Depuis toujours, Deb n’avait qu’un rêve : partir pour un voyage extraordinaire en Grèce. Mais son mari, Dan, trouvait toujours une excuse pour repousser le projet. Lorsque Deb a franchi le cap des 60 ans, elle a décidé de prendre les choses en main et d’utiliser toutes ses économies pour réaliser enfin son rêve. Mais à son retour, Dan serait-il encore là ?
Depuis que je suis petite, la Grèce était mon lieu de rêve pour des vacances. Je m’imaginais déambulant parmi les ruines antiques d’Athènes, admirant le coucher de soleil sur les falaises blanches de Santorin, les maisons aux toits bleus scintillant sous la lumière dorée.
Onirique, n’est-ce pas ?
Cette vision m’a toujours donné la force d’affronter les épreuves de la vie, les innombrables sacrifices, les heures interminables de travail. La Grèce représentait ma récompense ultime, ma promesse d’un bonheur mérité après des années à me battre pour garder la tête hors de l’eau.
J’ai donc commencé à économiser. Chaque centime que je pouvais mettre de côté allait dans un petit fonds secret, destiné au voyage de mes rêves. Mon plan était simple : une fois que j’aurais économisé suffisamment, je partirais avec mon mari, Dan, pour réaliser cette aventure. Dès le début de notre mariage, je lui avais parlé de ce rêve qui m’animait.
« On ira l’année prochaine, Deb, » disait toujours Dan. « Oui, ma chérie, j’adore l’idée.

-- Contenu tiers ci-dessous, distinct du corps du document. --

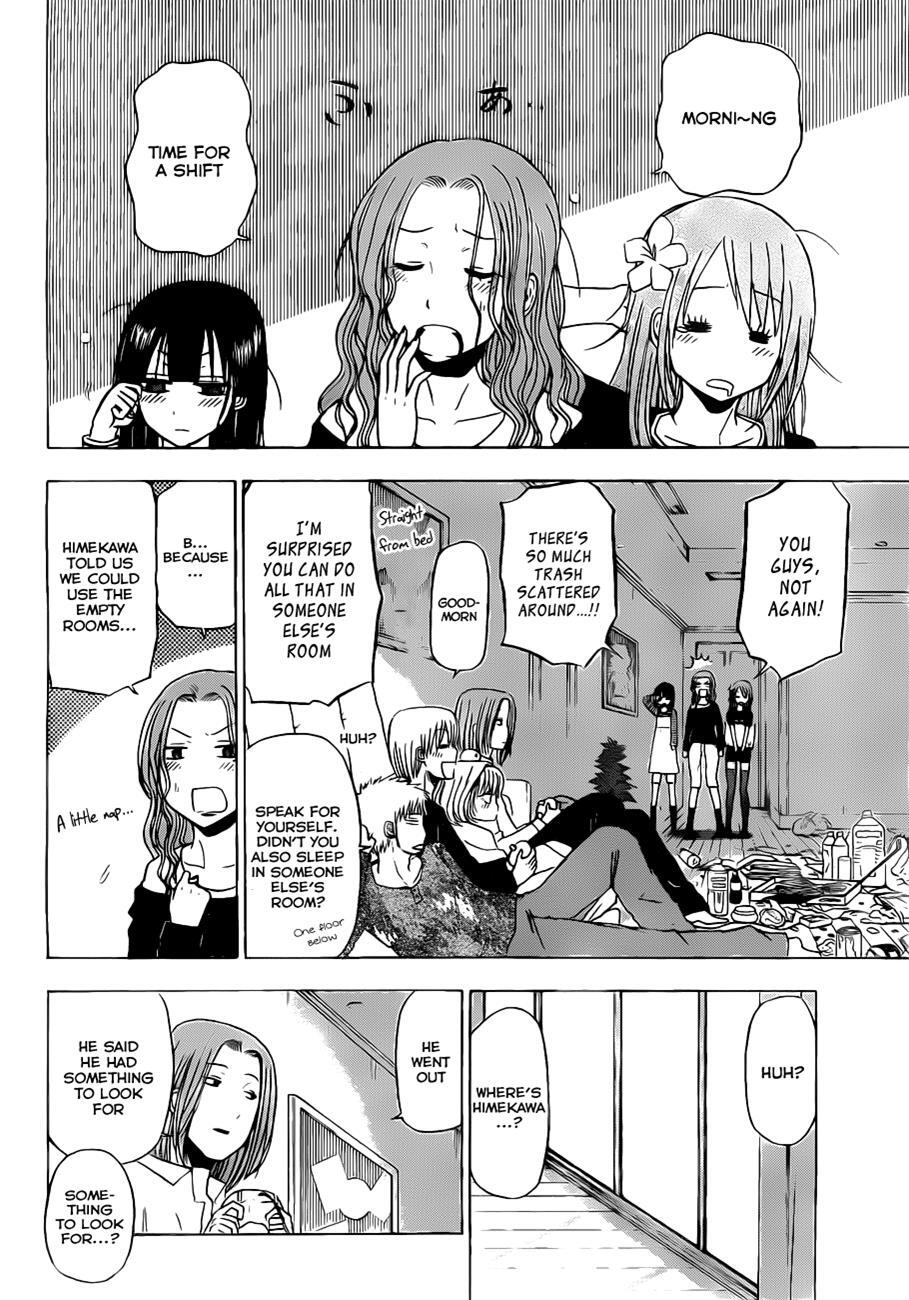 Read Beelzebub Manga Online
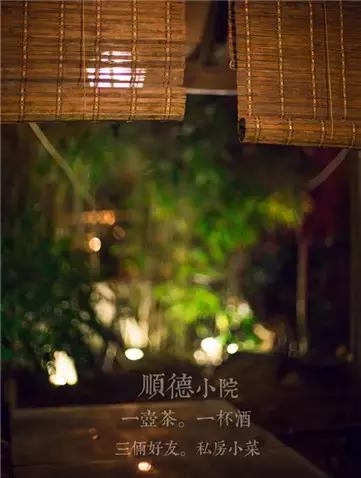 青岛便宜又好吃的菜馆,青岛有名的青岛菜馆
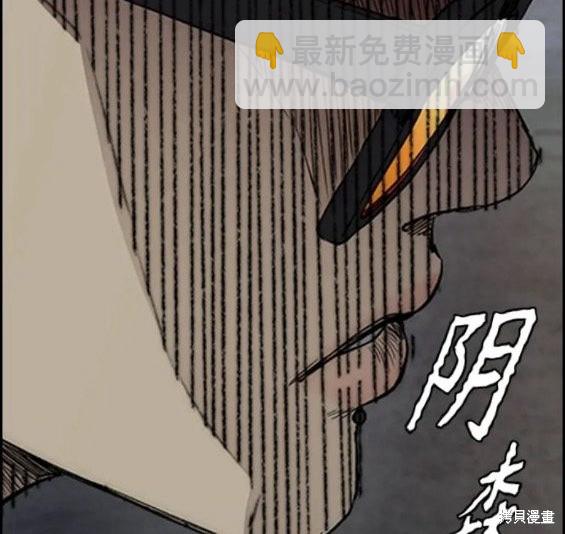 衝鋒衣 - 第4部60話(4/5) - 5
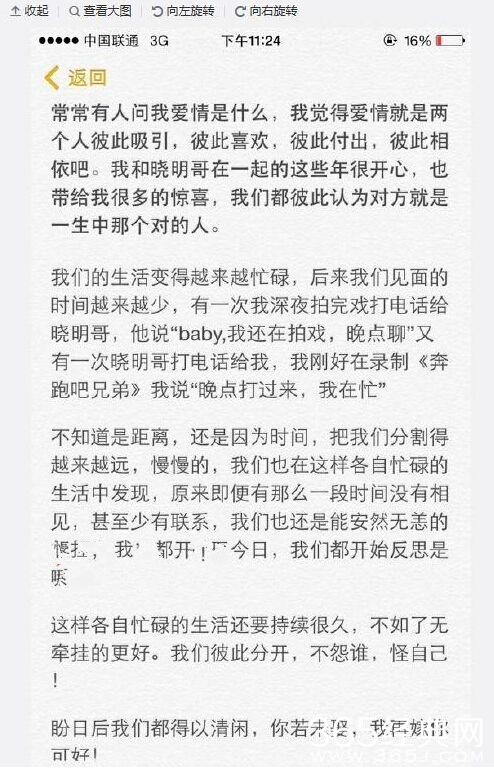 Baby和黄晓明分手原文截图_假冒baby发分手消息的人是谁_假冒baby发分手消息的人背景资料介绍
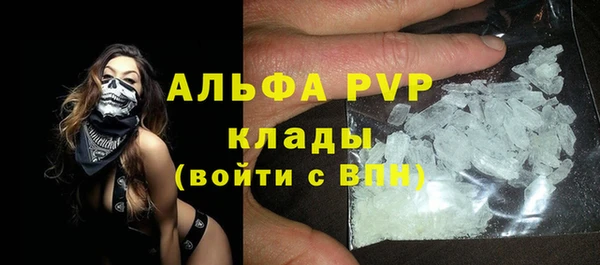 кристаллы Аркадак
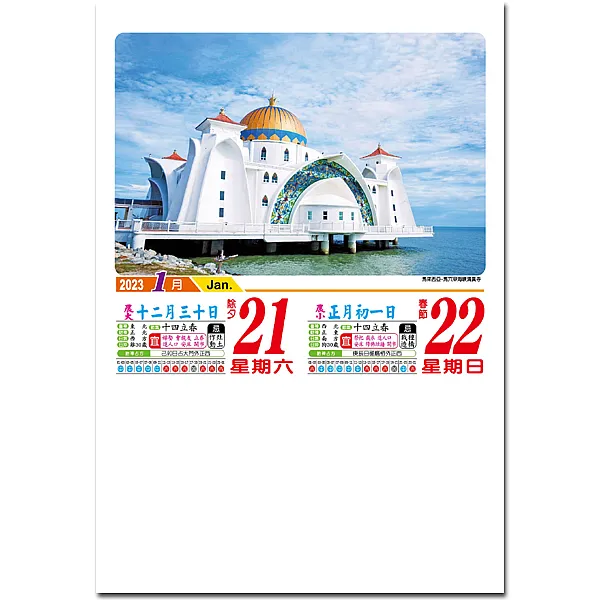 KU881_8開直式週末彩模造紙日曆【附印刷影片】●-2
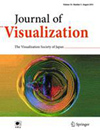 JOURNAL OF VISUALIZATION雜志封面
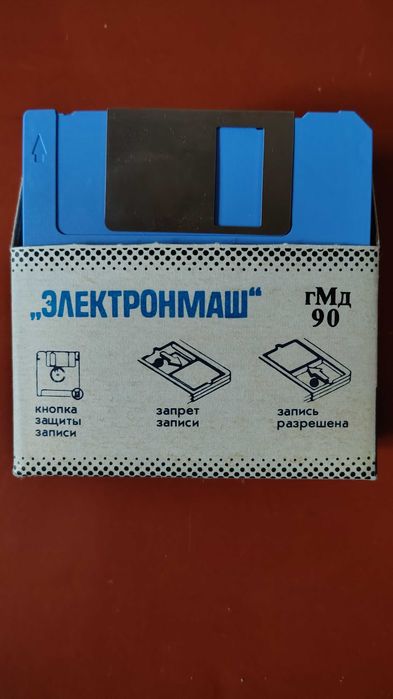 WINDOWS 3.1 (русск.)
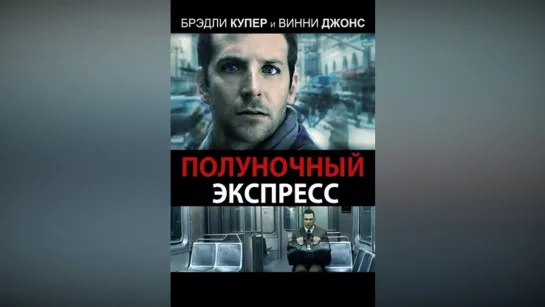 Полуночный экспресс (2008)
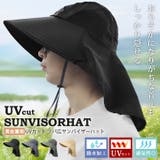 サンバイザー ハット 帽子 | teddyshop | 詳細画像2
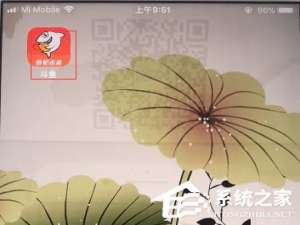 说说6斗鱼直播如何设置超清高清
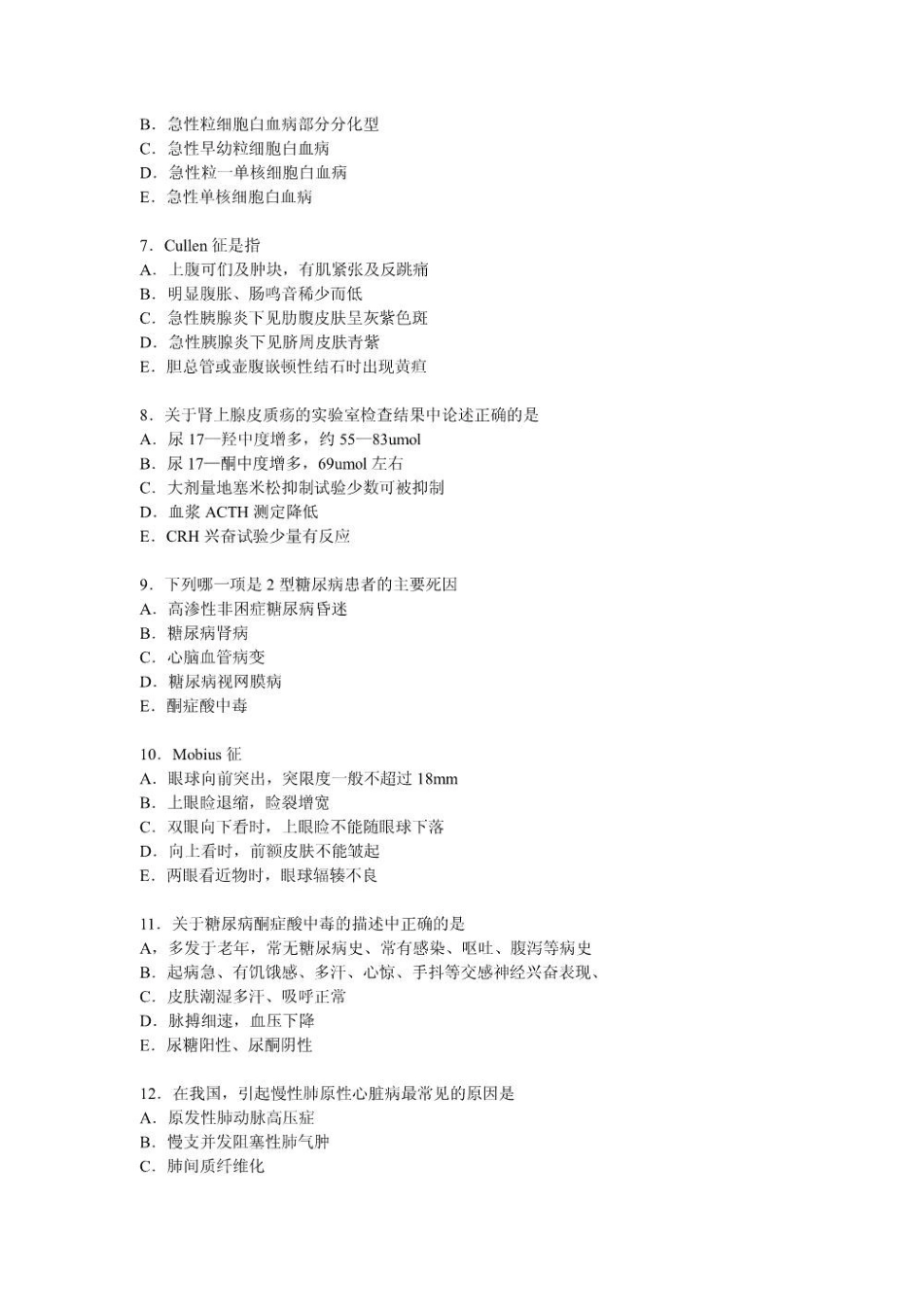 内科学模拟试题.pdf_第2页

Laisse-moi juste régler les travaux de la maison et rembourser mes dettes, et ensuite, je suis tout à toi ! »
Au début, je le croyais. Après tout, pourquoi aurais-je douté de lui ? Mais au fil du temps, ses excuses devenaient de plus en plus fréquentes, et ses dettes semblaient ne jamais se résorber. J’ai compris que si je voulais vraiment voir la Grèce, je devrais redoubler d’efforts et économiser encore davantage.
À l’époque, j’étais chef privée et je travaillais pour deux familles par semaine. Mais pour augmenter mes revenus, j’ai commencé à accepter des commandes de gâteaux et de desserts personnalisés.
Un soir, alors que j’étais trop fatiguée pour cuisiner et que j’avais commandé une pizza pour le dîner, Dan m’a regardée, l’air perplexe. « Pourquoi tu travailles autant, Deb ? »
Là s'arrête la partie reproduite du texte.